### TASK TO CARRY OUT
Using the entries below, copy exactly each line from the line with "Show Me Your" up to and including the line with "A Stunning Visual", with every picture left out.
---- GIVEN ENTRIES
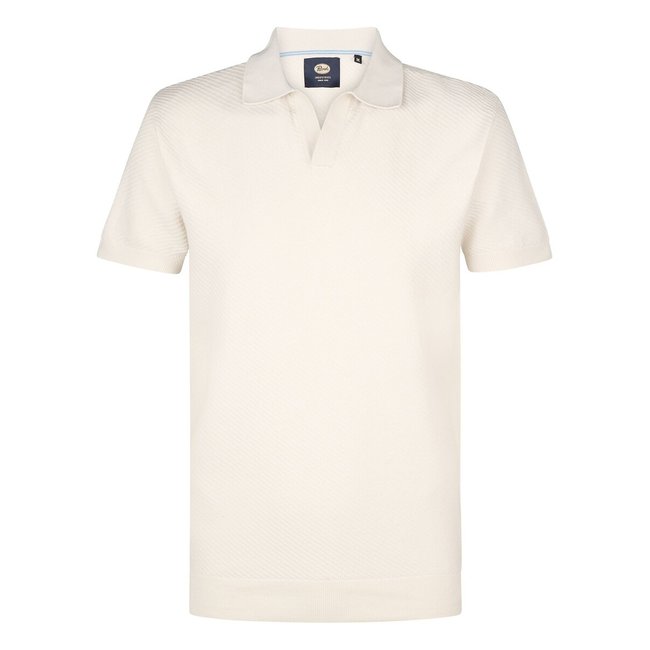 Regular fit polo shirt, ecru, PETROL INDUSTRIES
--------
---- GIVEN ENTRIES
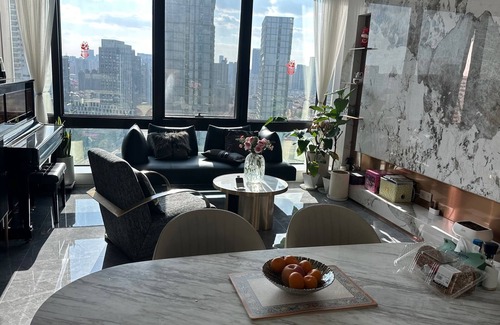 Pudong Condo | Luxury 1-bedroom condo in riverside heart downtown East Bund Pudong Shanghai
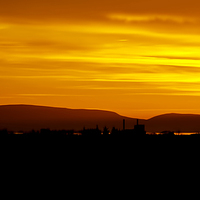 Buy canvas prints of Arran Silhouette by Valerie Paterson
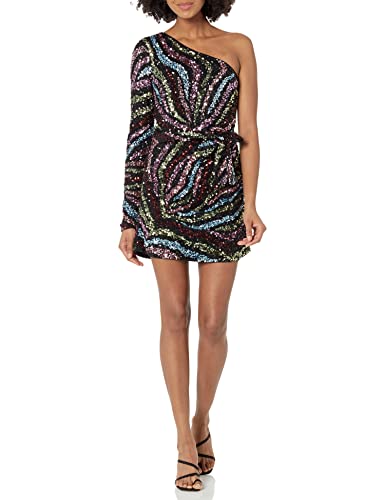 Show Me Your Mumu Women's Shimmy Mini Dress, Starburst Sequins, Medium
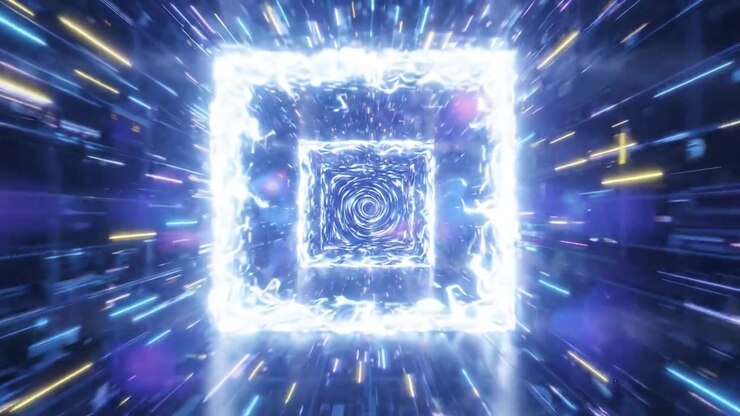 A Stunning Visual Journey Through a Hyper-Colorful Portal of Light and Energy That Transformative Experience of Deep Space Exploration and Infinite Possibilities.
--------
---- GIVEN ENTRIES
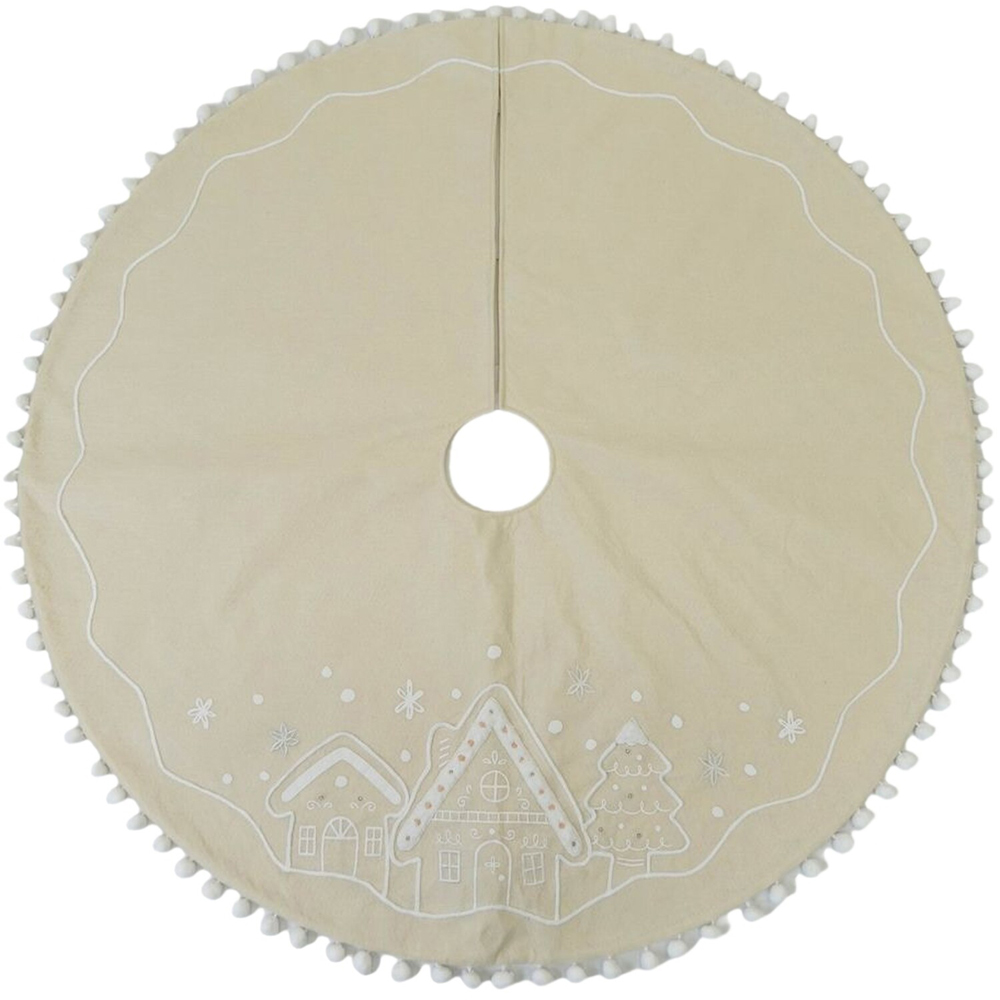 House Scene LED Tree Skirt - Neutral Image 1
--------
### EXERCISE ANSWER
 Show Me Your Mumu Women's Shimmy Mini Dress, Starburst Sequins, Medium
 A Stunning Visual Journey Through a Hyper-Colorful Portal of Light and Energy That Transformative Experience of Deep Space Exploration and Infinite Possibilities.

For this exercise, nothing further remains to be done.